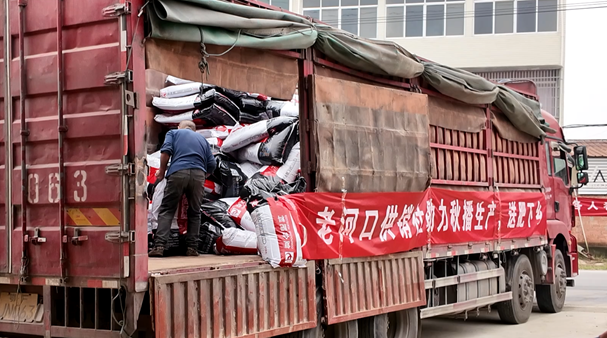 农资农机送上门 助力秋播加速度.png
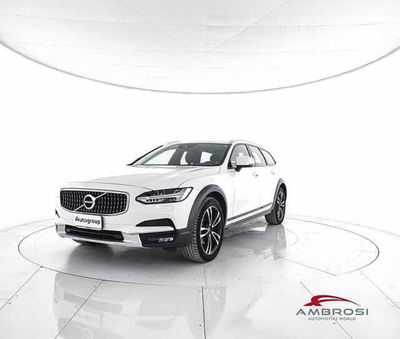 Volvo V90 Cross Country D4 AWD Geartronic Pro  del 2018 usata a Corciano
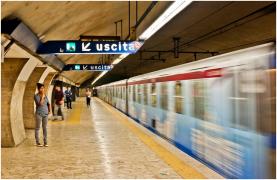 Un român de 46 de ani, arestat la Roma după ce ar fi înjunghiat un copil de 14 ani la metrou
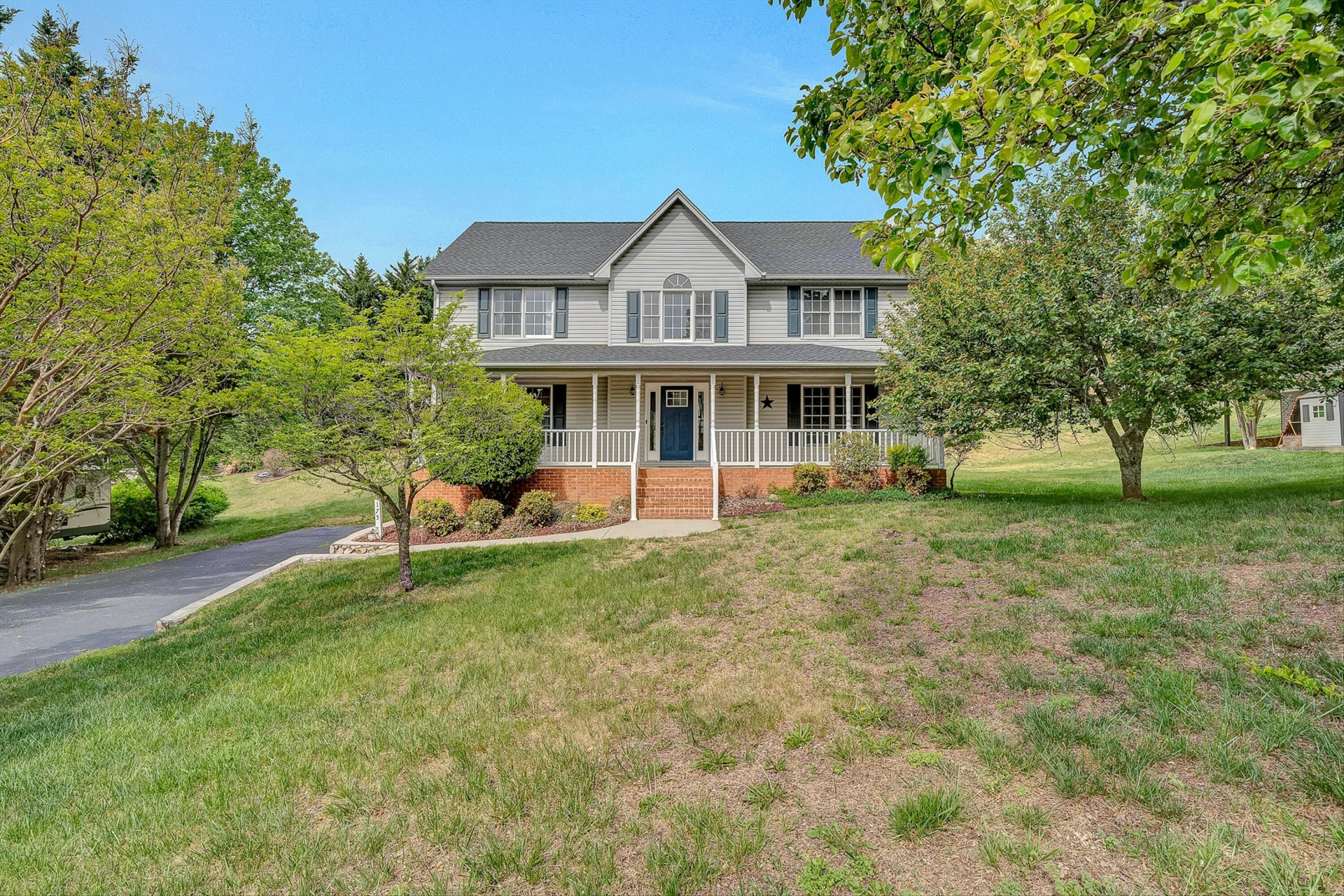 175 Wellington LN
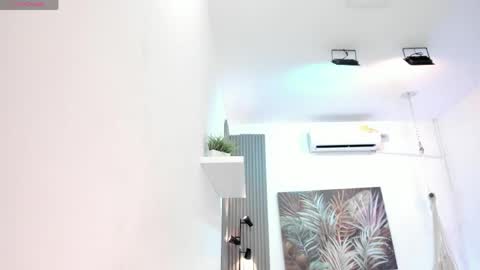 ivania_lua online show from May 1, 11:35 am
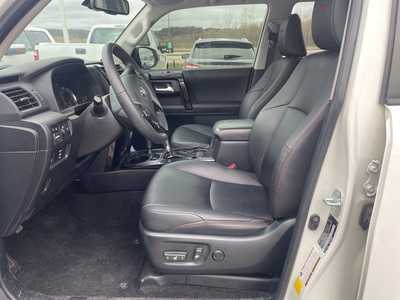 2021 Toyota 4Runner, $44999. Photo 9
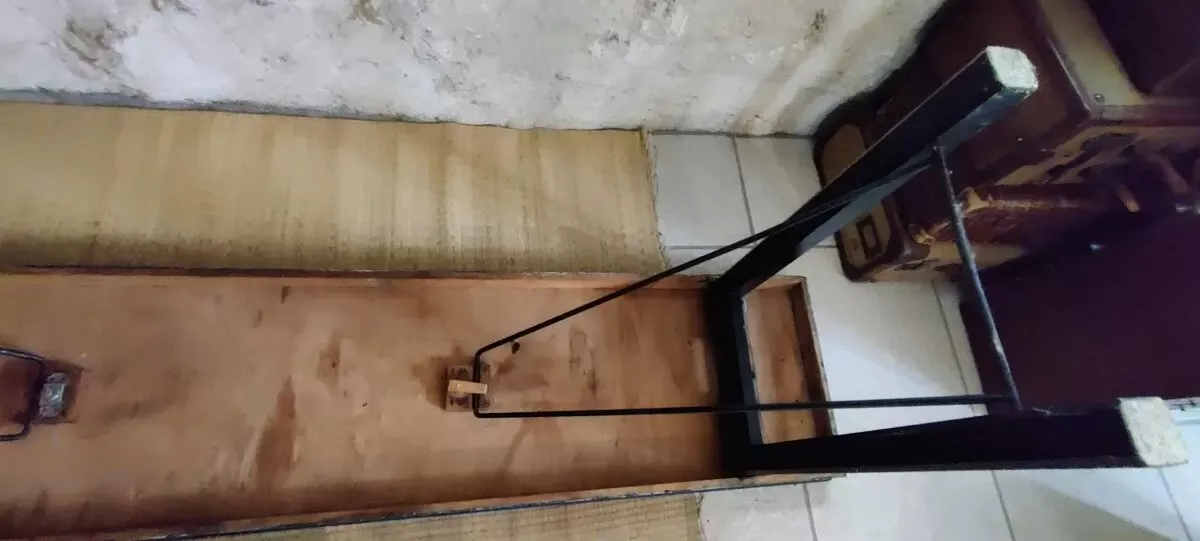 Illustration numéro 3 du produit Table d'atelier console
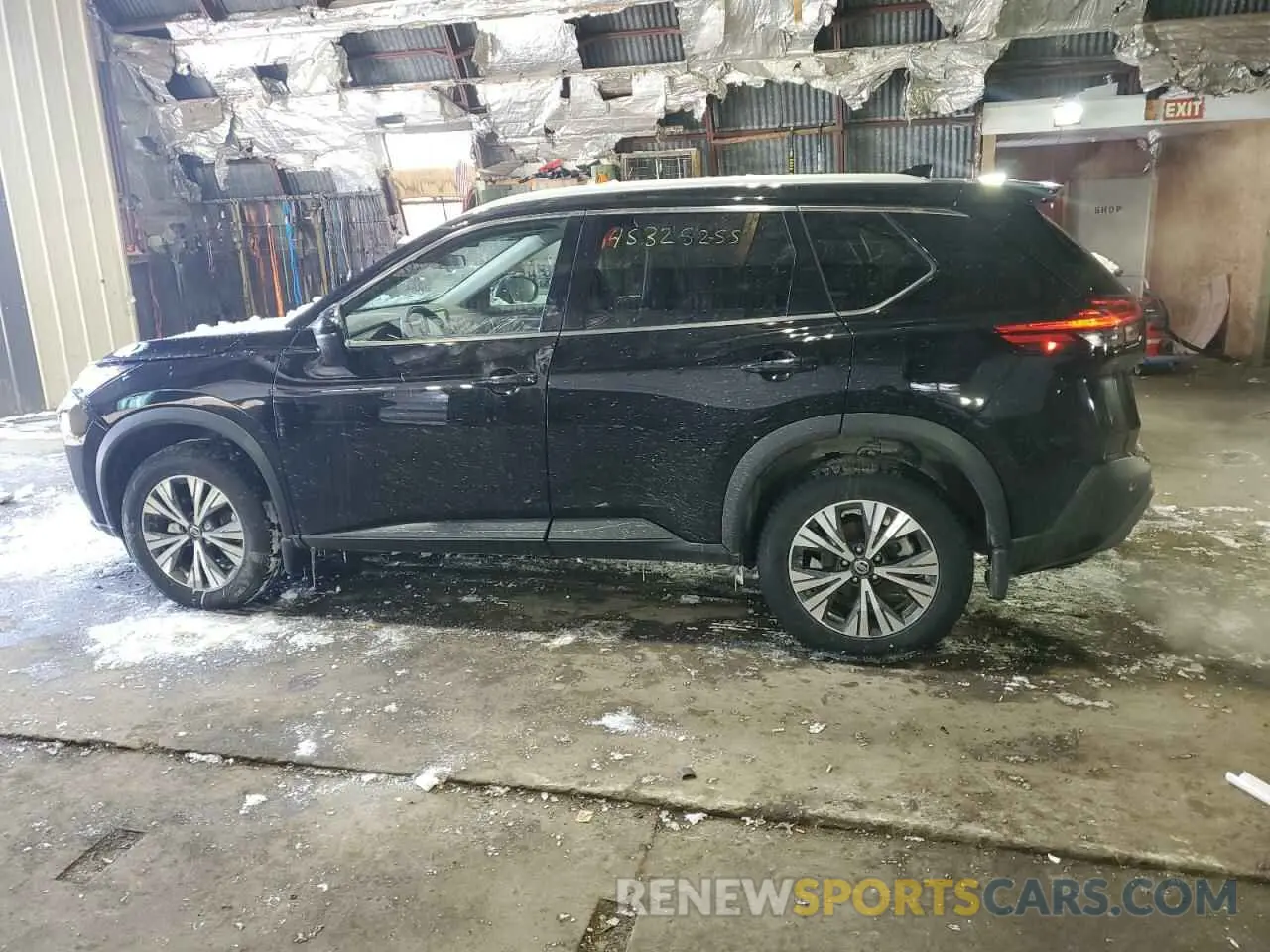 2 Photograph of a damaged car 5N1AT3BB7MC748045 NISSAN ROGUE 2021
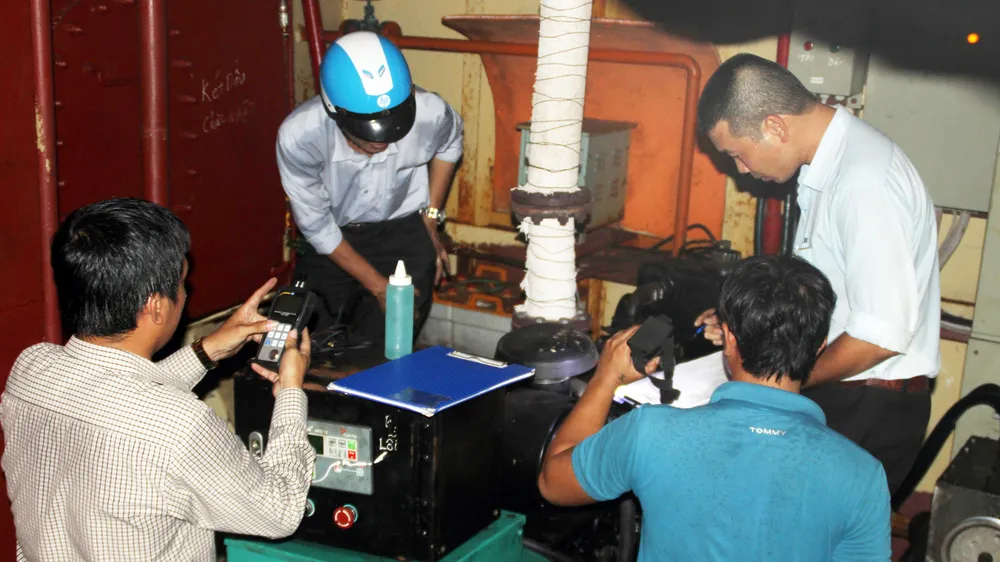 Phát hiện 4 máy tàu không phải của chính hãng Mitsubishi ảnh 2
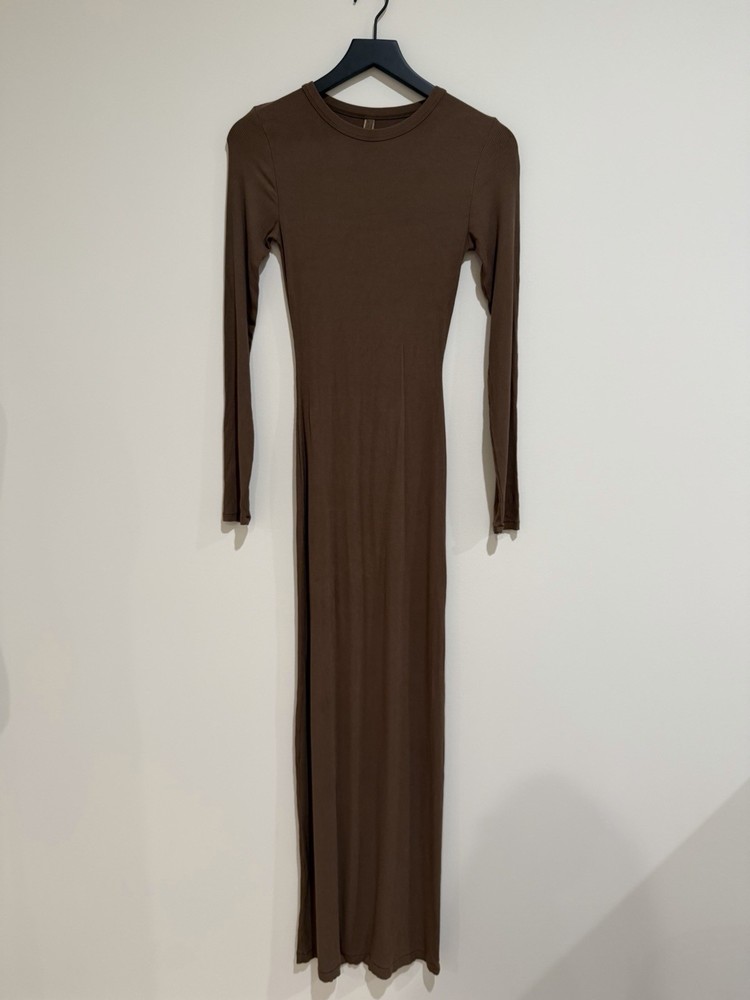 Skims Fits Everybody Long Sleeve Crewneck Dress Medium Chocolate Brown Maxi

(What you need to do):
Give back the whole listing exactly as written. Do not include any picture.

(Exercise result):
 农资农机送上门 助力秋播加速度.png
 Volvo V90 Cross Country D4 AWD Geartronic Pro  del 2018 usata a Corciano
 Un român de 46 de ani, arestat la Roma după ce ar fi înjunghiat un copil de 14 ani la metrou
 175 Wellington LN
 ivania_lua online show from May 1, 11:35 am
 2021 Toyota 4Runner, $44999. Photo 9
 Illustration numéro 3 du produit Table d'atelier console
 2 Photograph of a damaged car 5N1AT3BB7MC748045 NISSAN ROGUE 2021
 Phát hiện 4 máy tàu không phải của chính hãng Mitsubishi ảnh 2
 Skims Fits Everybody Long Sleeve Crewneck Dress Medium Chocolate Brown Maxi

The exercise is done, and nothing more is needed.